%%
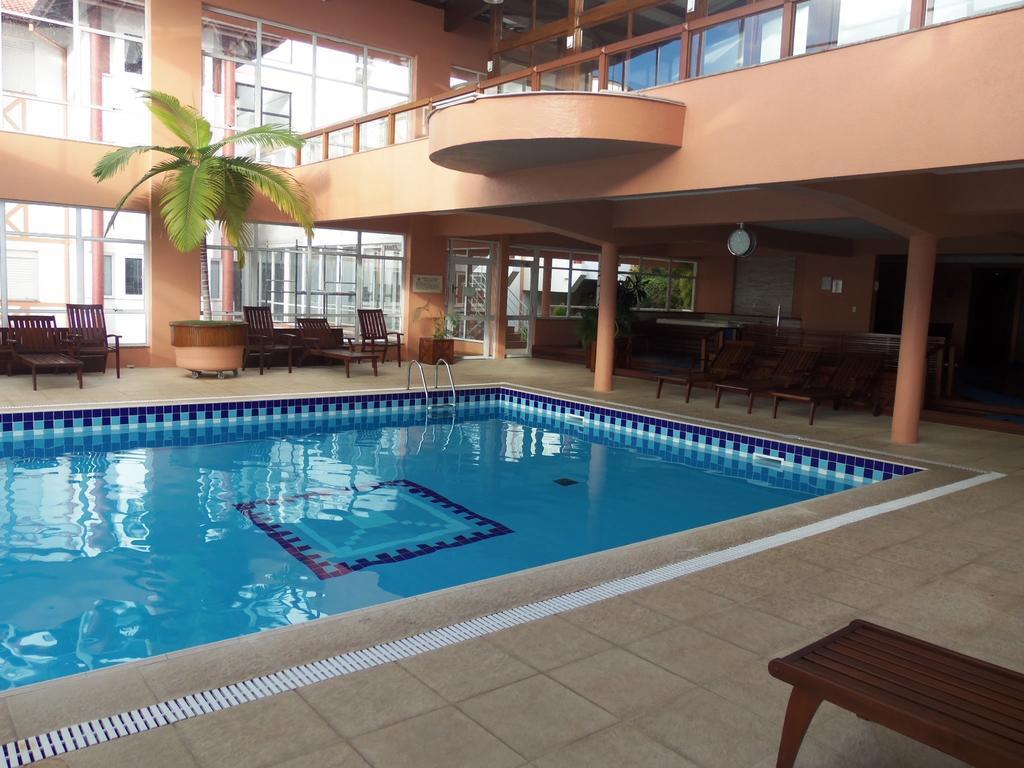 Apartamento Gramado Apartment Екстериор снимка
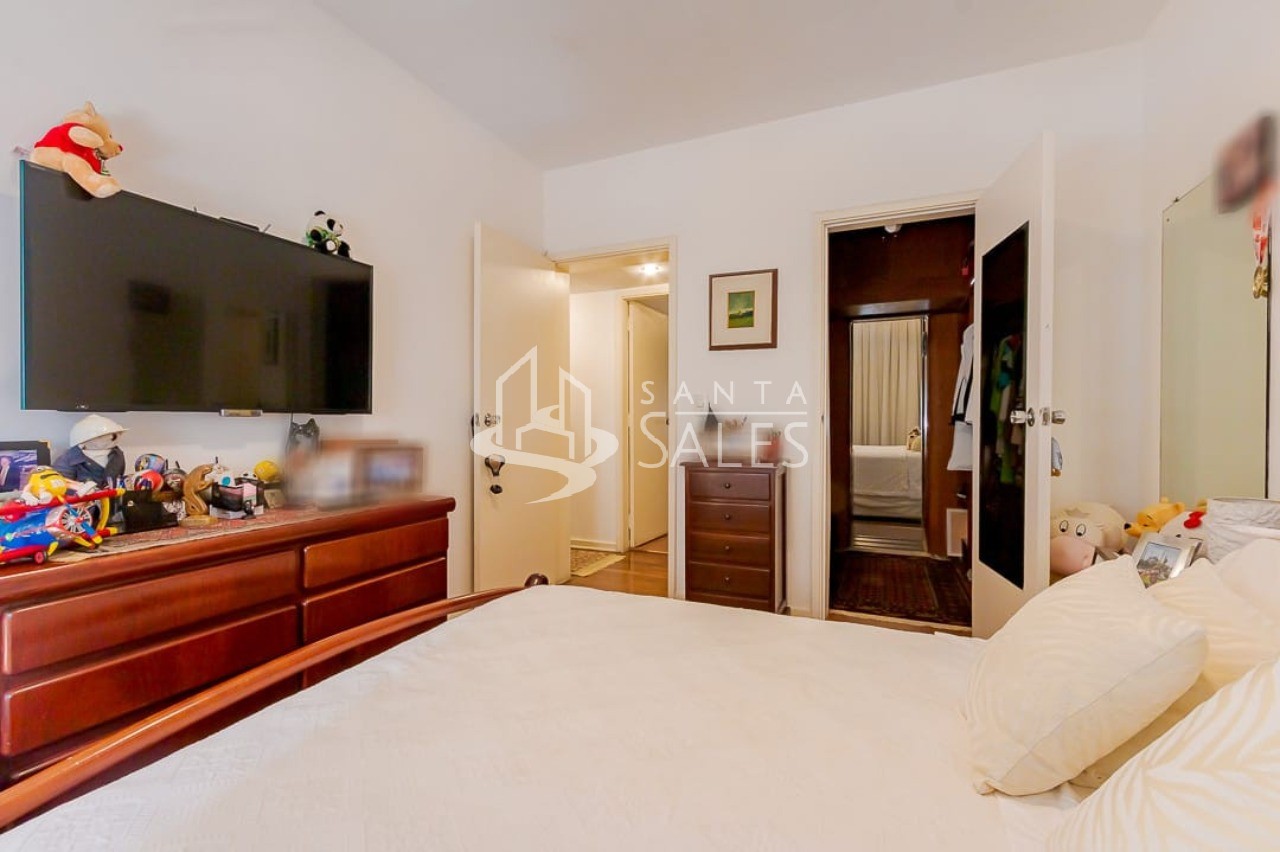 Apartamento, 3 quartos, 128 m² - Foto 7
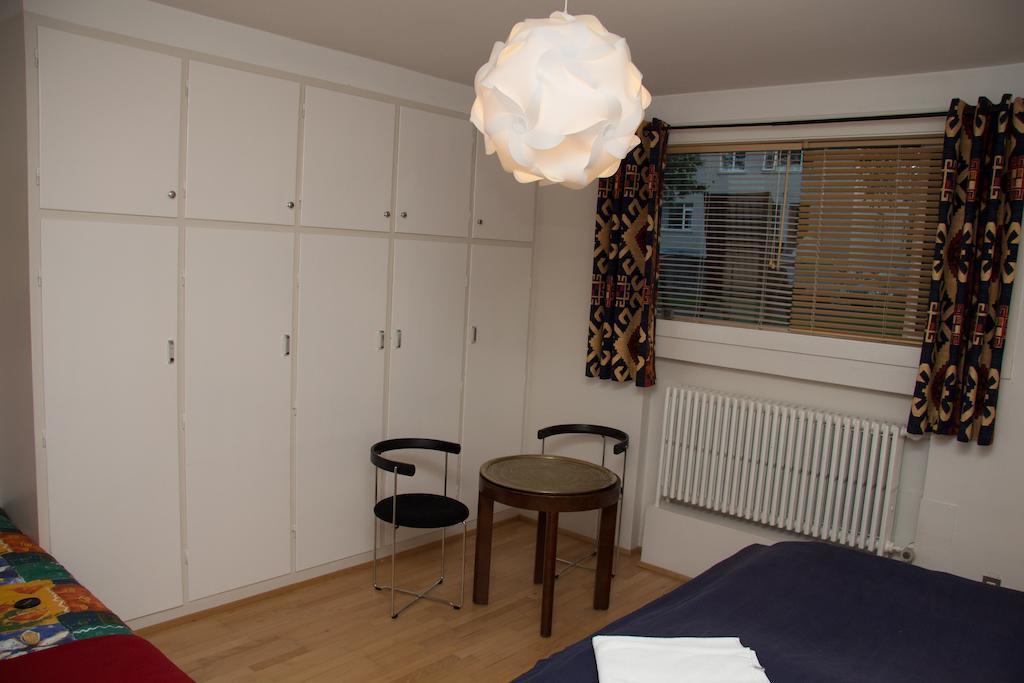 Hôtel Reykjavik 107 Chambre photo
%%
What is expected - From the line holding "Apartamento, 3 quartos, 128 m² - Foto 7" through the last line of the material above, each line should be written out exactly, both included; omit the pictures.

Response box -
 Apartamento, 3 quartos, 128 m² - Foto 7
 Hôtel Reykjavik 107 Chambre photo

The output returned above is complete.